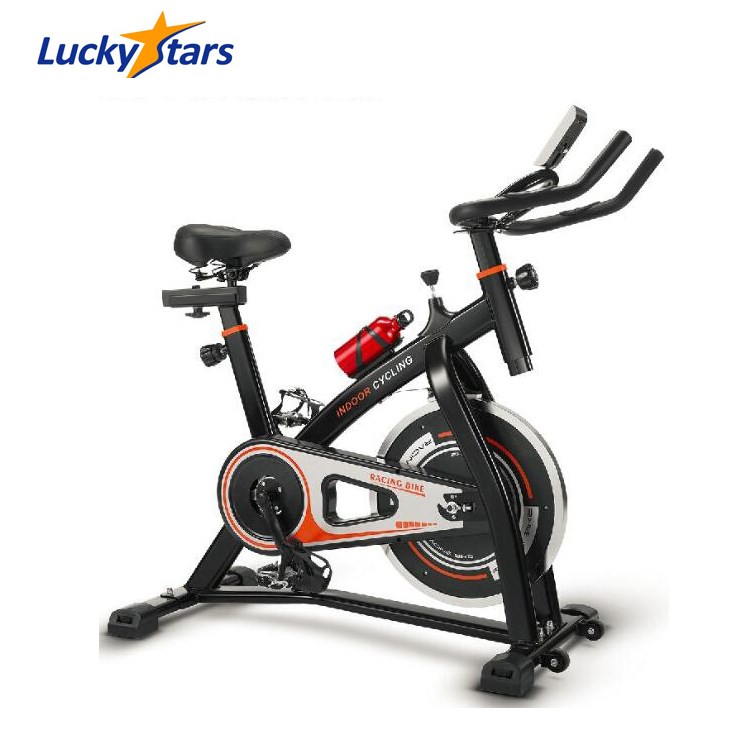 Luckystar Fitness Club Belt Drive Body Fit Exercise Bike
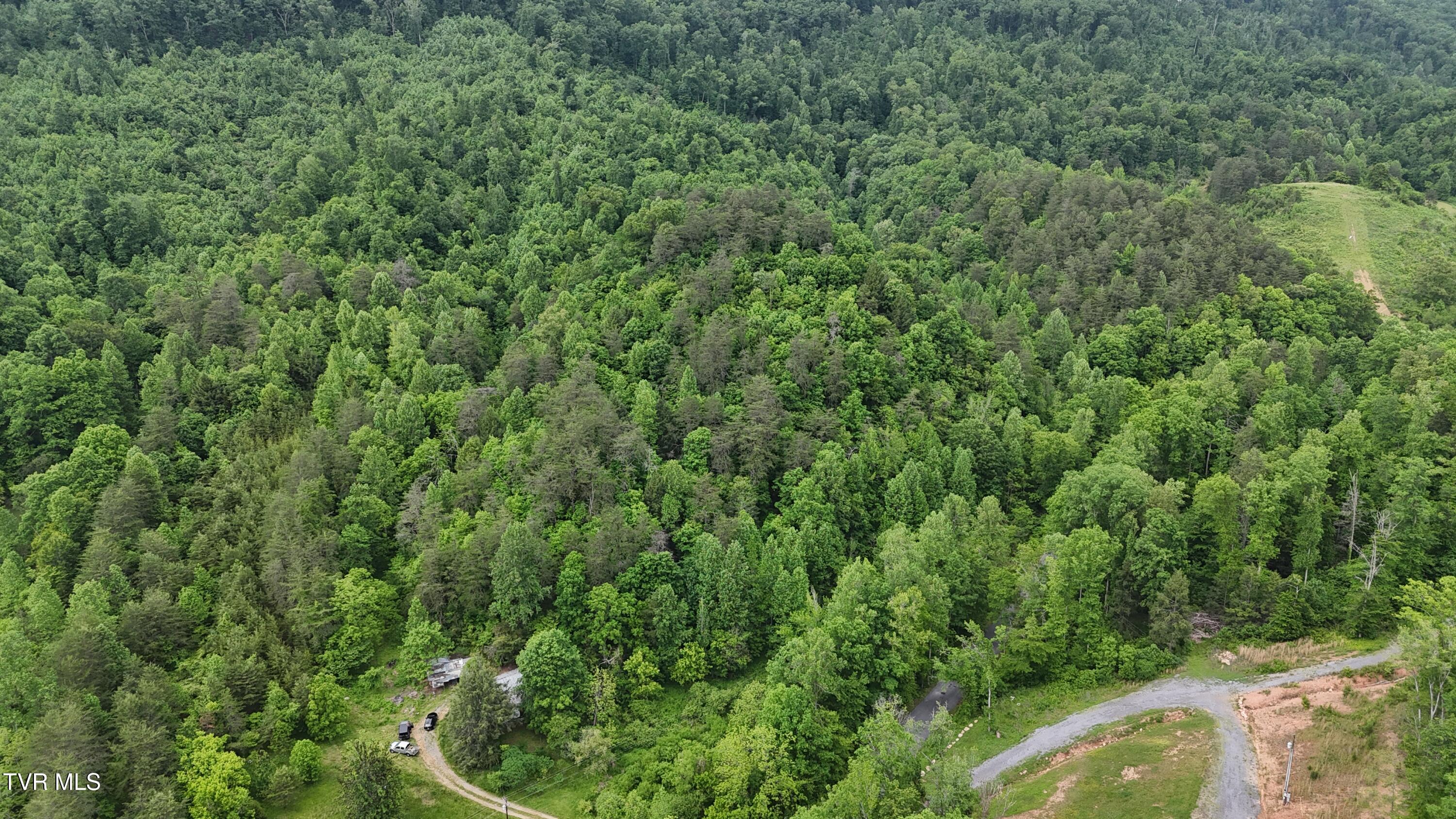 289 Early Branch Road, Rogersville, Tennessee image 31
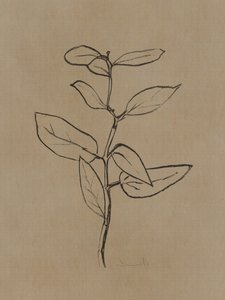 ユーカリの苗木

* * *

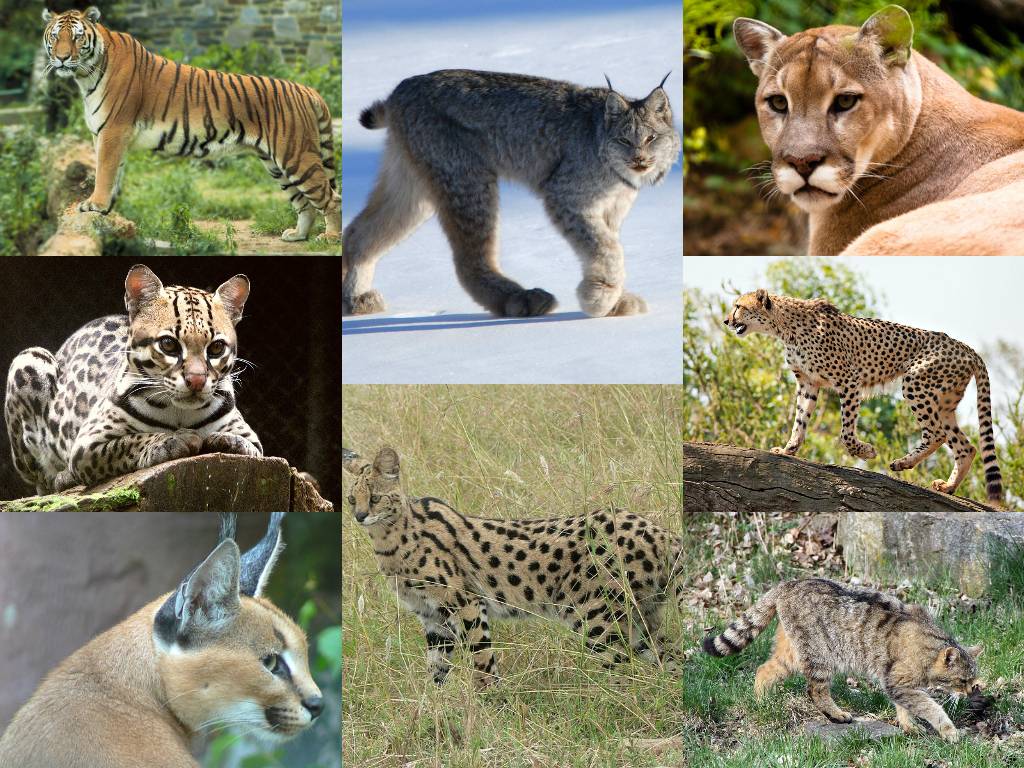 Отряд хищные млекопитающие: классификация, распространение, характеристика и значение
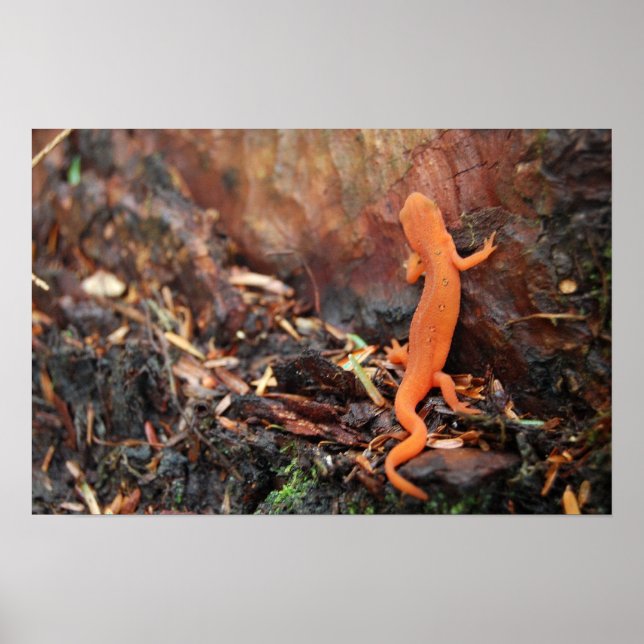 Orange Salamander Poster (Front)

### Exercise objective
Each line above from the one containing "характеристика и значение" through the one containing "Orange Salamander Poster (Front)" is to be returned verbatim. Nothing else, and no pictures.

### Task solution
 Отряд хищные млекопитающие: классификация, распространение, характеристика и значение
 Orange Salamander Poster (Front)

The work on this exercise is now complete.